» Work required:
Please give the whole listing again word for word, and drop any pictures it holds.

» Supplied information:
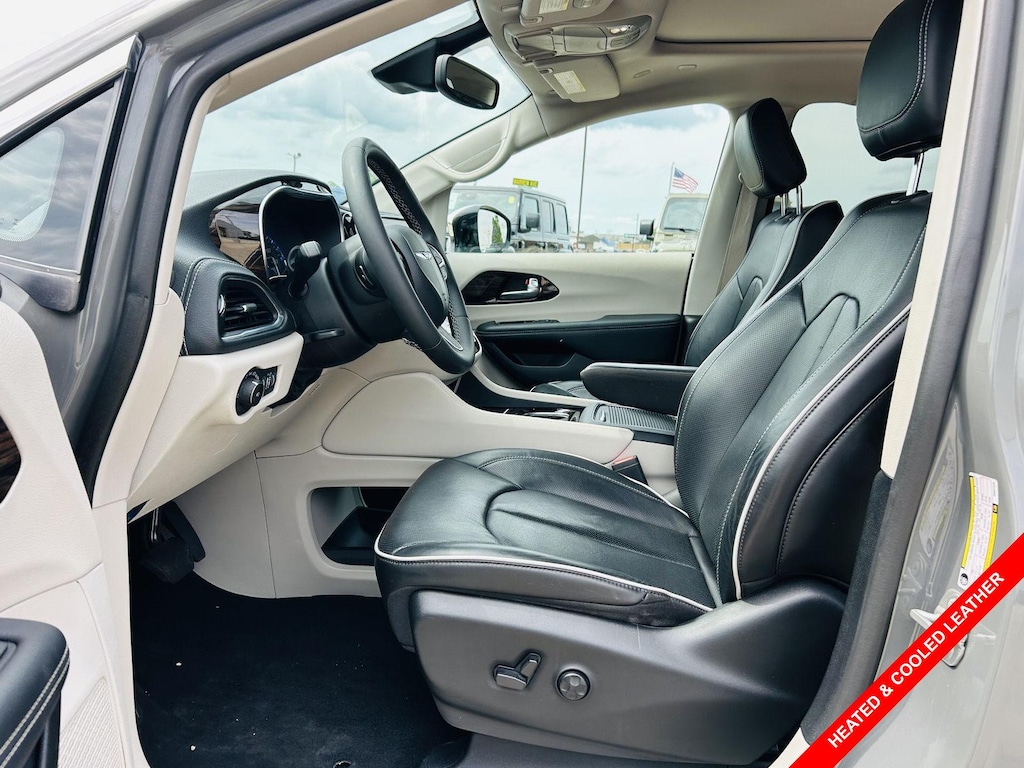 Certified 2023 Chrysler Pacifica Limited Van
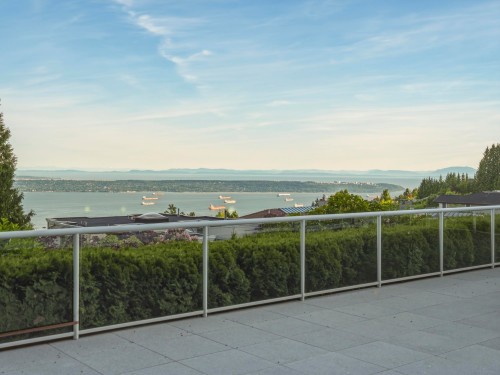 1574 Chartwell Drive, West Vancouver, BC 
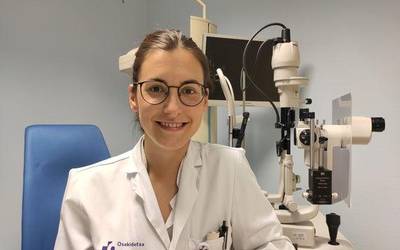 Leire Juaristi: "Adin guztietako pertsonei eragin diezazkieke kalteak gailu elektronikoak neurriz kanpo erabiltzeak"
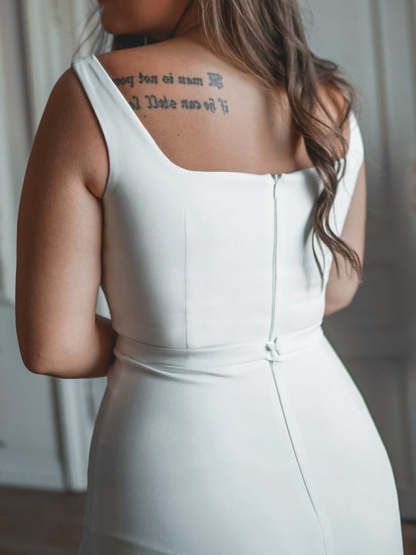 Mermaid Square Neck Floor-Length Bridal Gown with Trumpet Silhouette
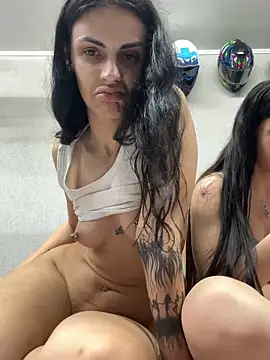 Snapshot of wwwdddccc1 chatting on April 15, 7:58 pm wwwdddccc1 online show from April 15, 7:58 pm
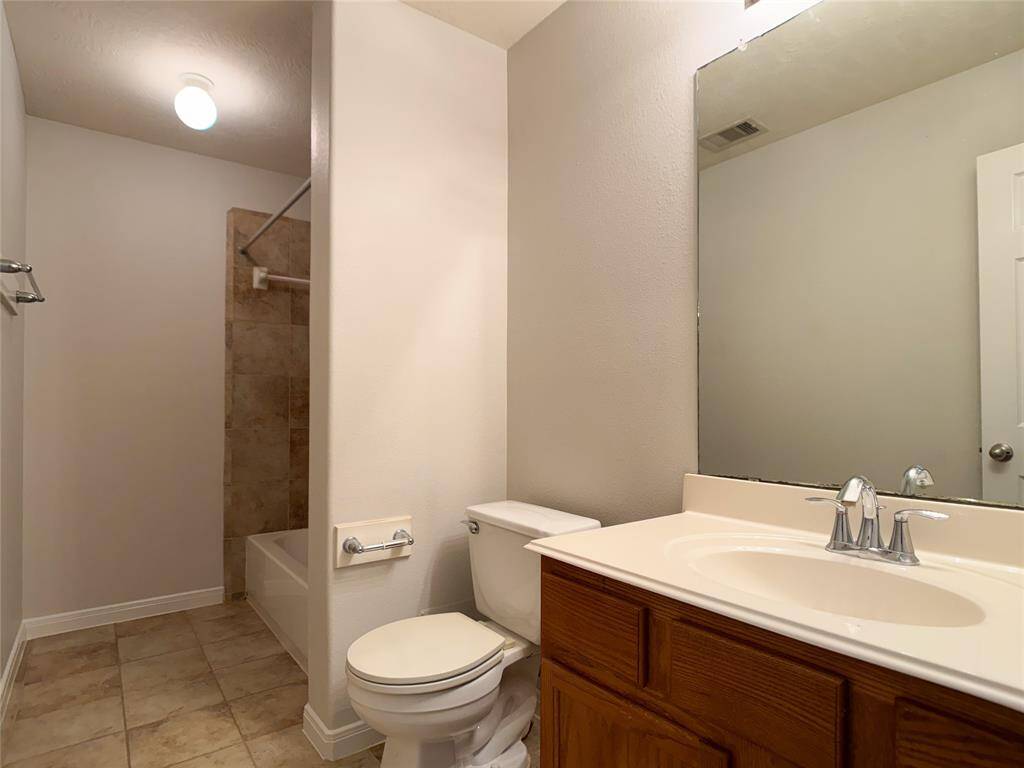 spacious full hall bath for secondary bedrooms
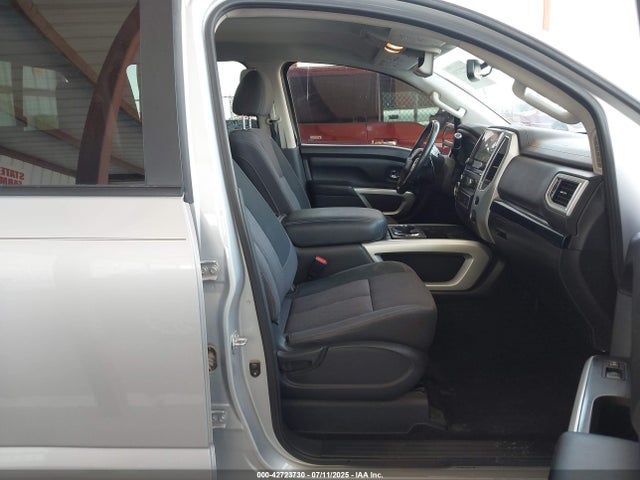 Nissan Titan 2020 1N6AA1EF4LN503989 Image 5
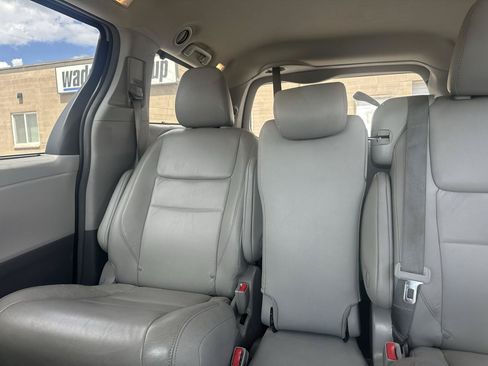 Used 2019 Toyota Sienna XLE w/ XLE Navigation Package FWD image 7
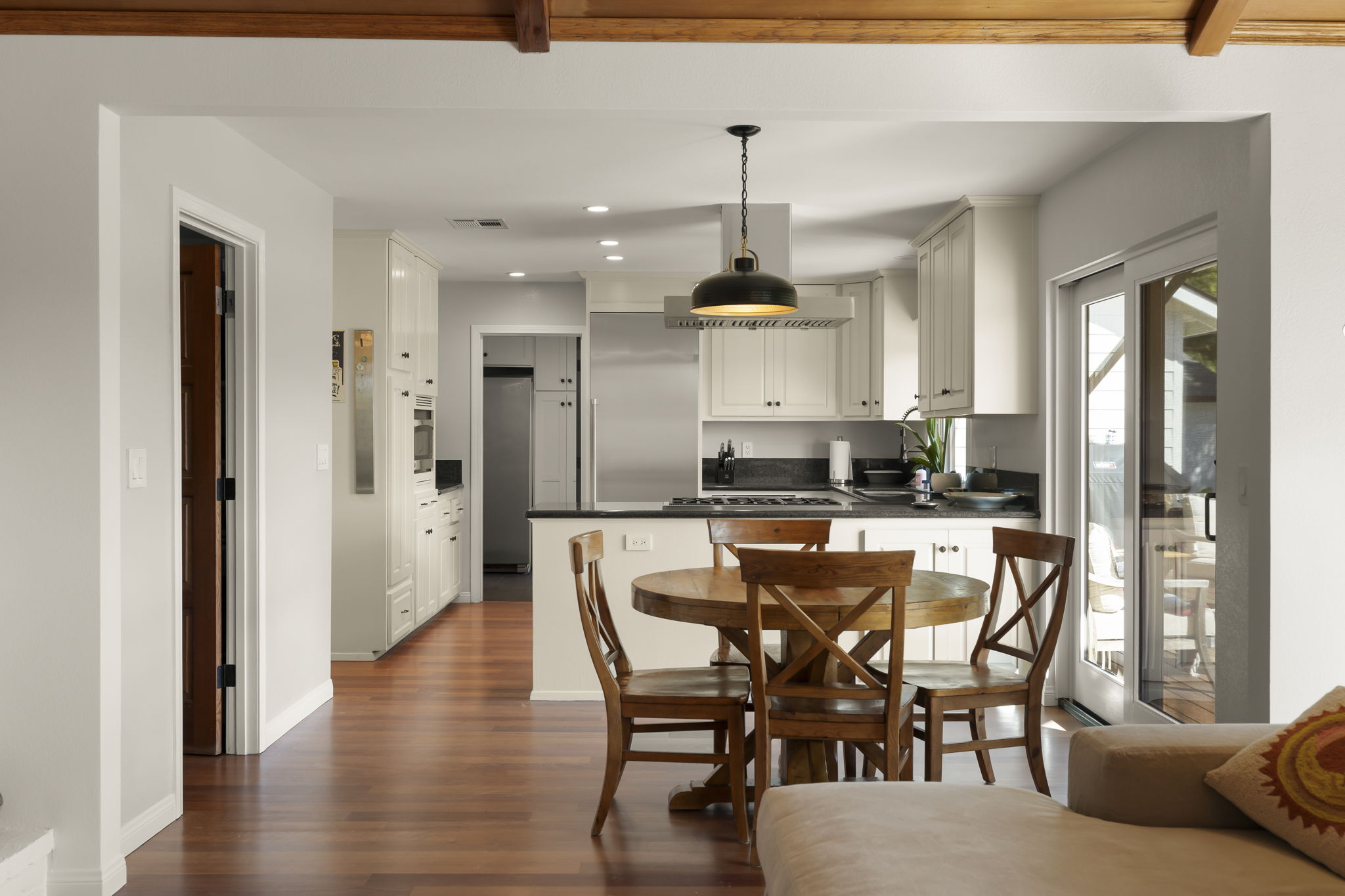  Photo 26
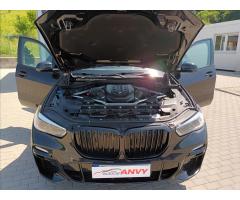 BMW X5 4,4 M50i xDrive AT,PANO,TAŽNÉ - 31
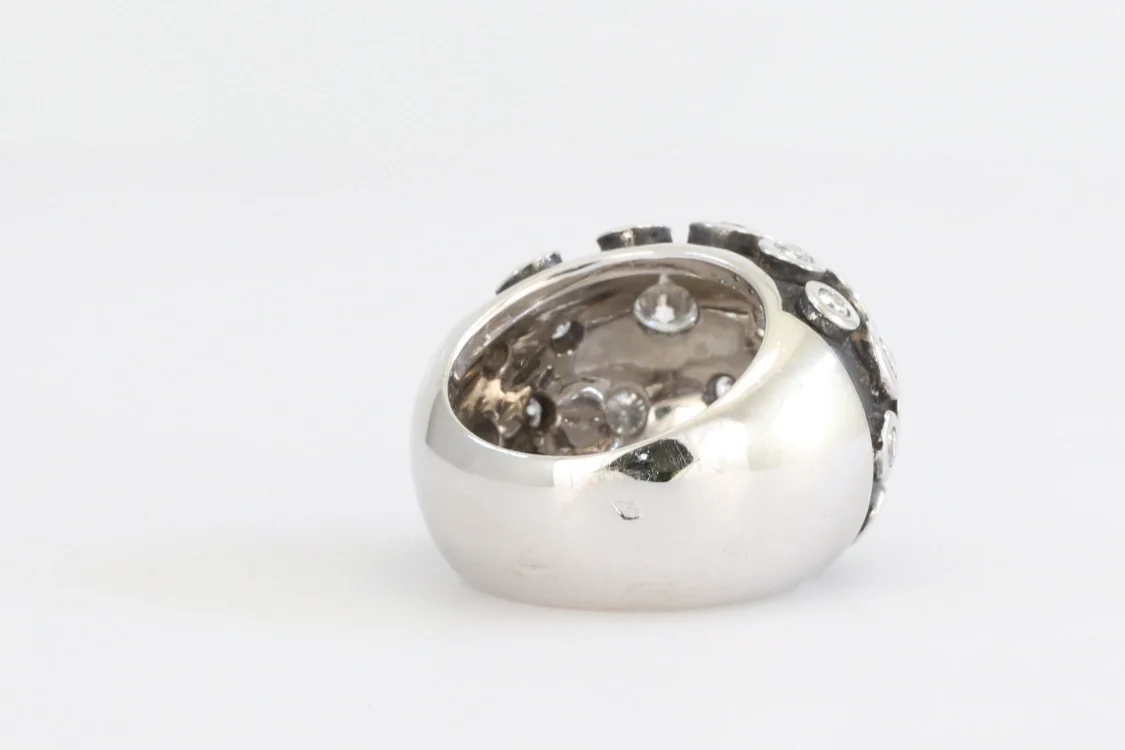 Turntable image 38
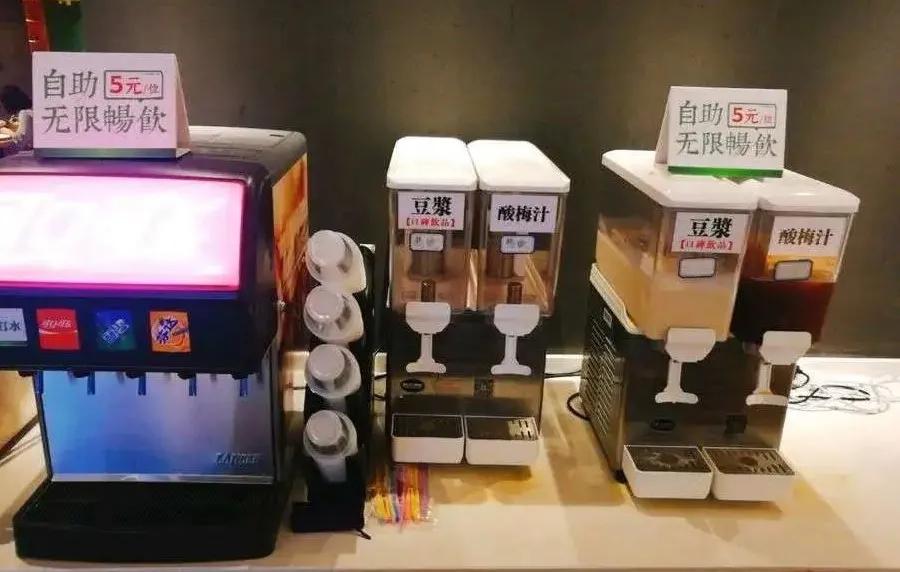 探店美食|南宁这家火锅店有点“柒”,镇店鸭血无限续,鲜香上瘾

» Reply:
 Certified 2023 Chrysler Pacifica Limited Van
 1574 Chartwell Drive, West Vancouver, BC 
 Leire Juaristi: "Adin guztietako pertsonei eragin diezazkieke kalteak gailu elektronikoak neurriz kanpo erabiltzeak"
 Mermaid Square Neck Floor-Length Bridal Gown with Trumpet Silhouette
 Snapshot of wwwdddccc1 chatting on April 15, 7:58 pm wwwdddccc1 online show from April 15, 7:58 pm
 spacious full hall bath for secondary bedrooms
 Nissan Titan 2020 1N6AA1EF4LN503989 Image 5
 Used 2019 Toyota Sienna XLE w/ XLE Navigation Package FWD image 7
  Photo 26
 BMW X5 4,4 M50i xDrive AT,PANO,TAŽNÉ - 31
 Turntable image 38
 探店美食|南宁这家火锅店有点“柒”,镇店鸭血无限续,鲜香上瘾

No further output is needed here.